◆ **TASK DIRECTIONS**
From the records below, set down exactly the lines starting with the line that contains "Память для настольных" and going on through the line that contains "Накидка на ножки". Nothing else is wanted.

====

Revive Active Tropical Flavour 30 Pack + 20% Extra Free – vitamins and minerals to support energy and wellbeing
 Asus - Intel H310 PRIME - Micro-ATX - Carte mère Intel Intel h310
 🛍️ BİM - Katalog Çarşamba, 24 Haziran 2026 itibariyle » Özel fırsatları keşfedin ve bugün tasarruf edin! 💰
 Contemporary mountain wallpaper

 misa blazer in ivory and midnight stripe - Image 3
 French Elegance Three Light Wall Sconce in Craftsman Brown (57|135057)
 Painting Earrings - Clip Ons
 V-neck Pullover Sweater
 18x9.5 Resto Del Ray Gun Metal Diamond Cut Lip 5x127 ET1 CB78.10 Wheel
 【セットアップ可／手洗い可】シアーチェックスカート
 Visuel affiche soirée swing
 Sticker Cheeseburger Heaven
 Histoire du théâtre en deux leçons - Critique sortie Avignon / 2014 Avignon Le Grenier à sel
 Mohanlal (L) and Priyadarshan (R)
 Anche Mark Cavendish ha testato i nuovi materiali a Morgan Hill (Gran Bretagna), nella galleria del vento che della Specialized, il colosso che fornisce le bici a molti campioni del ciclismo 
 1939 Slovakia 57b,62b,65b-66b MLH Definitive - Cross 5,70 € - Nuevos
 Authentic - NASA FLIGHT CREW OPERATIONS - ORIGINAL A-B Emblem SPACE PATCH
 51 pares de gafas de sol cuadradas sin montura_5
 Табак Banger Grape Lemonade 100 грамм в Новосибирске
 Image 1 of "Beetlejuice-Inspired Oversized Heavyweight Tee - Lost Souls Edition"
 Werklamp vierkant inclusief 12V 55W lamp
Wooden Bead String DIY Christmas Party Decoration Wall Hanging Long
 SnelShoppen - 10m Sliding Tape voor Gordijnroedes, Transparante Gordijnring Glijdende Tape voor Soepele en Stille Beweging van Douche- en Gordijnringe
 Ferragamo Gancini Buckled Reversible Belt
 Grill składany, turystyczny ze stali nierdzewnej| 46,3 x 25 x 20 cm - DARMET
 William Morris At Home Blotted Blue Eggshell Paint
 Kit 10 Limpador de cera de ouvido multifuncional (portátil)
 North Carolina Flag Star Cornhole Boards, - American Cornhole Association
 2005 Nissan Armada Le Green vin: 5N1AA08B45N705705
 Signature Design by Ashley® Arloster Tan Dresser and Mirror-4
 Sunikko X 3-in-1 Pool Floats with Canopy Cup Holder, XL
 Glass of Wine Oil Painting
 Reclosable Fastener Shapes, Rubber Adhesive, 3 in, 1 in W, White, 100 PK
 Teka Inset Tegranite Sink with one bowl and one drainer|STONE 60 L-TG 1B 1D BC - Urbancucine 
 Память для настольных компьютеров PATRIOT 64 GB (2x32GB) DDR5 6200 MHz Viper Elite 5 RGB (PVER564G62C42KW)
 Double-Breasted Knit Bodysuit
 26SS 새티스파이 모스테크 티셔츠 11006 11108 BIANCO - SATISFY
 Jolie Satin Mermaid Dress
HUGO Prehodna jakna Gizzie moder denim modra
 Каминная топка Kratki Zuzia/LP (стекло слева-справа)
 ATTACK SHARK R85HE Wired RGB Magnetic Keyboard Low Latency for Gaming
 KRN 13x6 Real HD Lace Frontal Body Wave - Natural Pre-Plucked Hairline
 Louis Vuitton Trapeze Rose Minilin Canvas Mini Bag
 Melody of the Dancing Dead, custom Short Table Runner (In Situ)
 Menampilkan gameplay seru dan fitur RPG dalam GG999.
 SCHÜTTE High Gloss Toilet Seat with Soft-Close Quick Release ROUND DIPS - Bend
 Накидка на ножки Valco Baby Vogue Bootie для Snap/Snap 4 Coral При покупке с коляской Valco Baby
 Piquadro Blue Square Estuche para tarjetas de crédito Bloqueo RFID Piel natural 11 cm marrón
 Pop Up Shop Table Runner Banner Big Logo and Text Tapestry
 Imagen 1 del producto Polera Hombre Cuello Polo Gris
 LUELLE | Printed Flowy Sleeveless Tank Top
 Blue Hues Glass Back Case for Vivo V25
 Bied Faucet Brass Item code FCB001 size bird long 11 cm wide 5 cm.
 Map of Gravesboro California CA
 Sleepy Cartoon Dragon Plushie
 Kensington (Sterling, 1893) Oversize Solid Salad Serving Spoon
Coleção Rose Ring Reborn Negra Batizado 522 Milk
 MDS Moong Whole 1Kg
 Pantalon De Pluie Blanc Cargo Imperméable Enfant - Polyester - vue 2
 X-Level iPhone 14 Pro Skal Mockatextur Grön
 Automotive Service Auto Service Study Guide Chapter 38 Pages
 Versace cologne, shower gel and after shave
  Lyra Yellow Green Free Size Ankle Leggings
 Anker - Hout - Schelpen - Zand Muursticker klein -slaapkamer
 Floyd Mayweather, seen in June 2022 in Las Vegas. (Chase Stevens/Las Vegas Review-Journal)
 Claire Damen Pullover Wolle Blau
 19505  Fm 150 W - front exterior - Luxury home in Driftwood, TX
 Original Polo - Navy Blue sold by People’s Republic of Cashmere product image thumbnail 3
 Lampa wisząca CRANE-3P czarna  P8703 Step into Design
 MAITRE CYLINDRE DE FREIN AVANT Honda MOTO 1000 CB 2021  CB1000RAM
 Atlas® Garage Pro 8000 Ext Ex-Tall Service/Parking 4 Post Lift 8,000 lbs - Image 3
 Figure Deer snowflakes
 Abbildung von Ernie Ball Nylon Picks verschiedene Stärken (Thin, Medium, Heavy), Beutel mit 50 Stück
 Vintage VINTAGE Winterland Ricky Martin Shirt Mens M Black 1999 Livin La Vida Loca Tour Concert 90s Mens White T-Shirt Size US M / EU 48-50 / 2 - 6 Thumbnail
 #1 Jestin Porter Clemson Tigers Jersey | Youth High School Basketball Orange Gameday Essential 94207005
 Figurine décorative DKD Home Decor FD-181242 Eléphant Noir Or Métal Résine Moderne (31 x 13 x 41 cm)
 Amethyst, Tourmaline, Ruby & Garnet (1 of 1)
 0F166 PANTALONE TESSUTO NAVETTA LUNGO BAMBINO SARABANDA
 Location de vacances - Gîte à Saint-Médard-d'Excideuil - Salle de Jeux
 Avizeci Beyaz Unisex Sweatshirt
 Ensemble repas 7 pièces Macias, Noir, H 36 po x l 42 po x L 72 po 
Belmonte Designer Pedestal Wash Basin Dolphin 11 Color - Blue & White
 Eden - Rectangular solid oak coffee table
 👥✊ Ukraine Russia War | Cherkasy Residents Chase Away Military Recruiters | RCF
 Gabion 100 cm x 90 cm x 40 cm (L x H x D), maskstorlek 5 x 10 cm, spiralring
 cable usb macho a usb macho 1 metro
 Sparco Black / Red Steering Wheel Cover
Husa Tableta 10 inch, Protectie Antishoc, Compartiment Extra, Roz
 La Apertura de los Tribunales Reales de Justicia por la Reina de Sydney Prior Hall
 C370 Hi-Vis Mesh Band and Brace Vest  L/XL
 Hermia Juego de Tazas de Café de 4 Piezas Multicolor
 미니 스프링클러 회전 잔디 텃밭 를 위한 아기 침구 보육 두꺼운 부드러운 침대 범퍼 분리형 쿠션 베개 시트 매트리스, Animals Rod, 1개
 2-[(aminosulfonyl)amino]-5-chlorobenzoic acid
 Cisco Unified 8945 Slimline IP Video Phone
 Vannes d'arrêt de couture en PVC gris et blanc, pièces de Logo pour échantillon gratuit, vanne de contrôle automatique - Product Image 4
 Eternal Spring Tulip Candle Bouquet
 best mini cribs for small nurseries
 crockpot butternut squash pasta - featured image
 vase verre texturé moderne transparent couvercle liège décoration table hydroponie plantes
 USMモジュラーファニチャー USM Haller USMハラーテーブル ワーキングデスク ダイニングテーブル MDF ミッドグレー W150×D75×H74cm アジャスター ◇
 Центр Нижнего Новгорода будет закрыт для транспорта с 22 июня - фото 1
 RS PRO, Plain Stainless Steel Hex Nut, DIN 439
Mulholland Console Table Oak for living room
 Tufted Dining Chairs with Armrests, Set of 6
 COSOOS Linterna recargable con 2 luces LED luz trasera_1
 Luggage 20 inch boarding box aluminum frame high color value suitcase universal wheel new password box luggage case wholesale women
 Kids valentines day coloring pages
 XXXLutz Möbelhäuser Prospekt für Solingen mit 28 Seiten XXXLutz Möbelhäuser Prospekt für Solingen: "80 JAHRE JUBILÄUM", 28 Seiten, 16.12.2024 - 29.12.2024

====

◆ **ANSWER TO THIS EXERCISE**
 Память для настольных компьютеров PATRIOT 64 GB (2x32GB) DDR5 6200 MHz Viper Elite 5 RGB (PVER564G62C42KW)
 Double-Breasted Knit Bodysuit
 26SS 새티스파이 모스테크 티셔츠 11006 11108 BIANCO - SATISFY
 Jolie Satin Mermaid Dress
HUGO Prehodna jakna Gizzie moder denim modra
 Каминная топка Kratki Zuzia/LP (стекло слева-справа)
 ATTACK SHARK R85HE Wired RGB Magnetic Keyboard Low Latency for Gaming
 KRN 13x6 Real HD Lace Frontal Body Wave - Natural Pre-Plucked Hairline
 Louis Vuitton Trapeze Rose Minilin Canvas Mini Bag
 Melody of the Dancing Dead, custom Short Table Runner (In Situ)
 Menampilkan gameplay seru dan fitur RPG dalam GG999.
 SCHÜTTE High Gloss Toilet Seat with Soft-Close Quick Release ROUND DIPS - Bend
 Накидка на ножки Valco Baby Vogue Bootie для Snap/Snap 4 Coral При покупке с коляской Valco Baby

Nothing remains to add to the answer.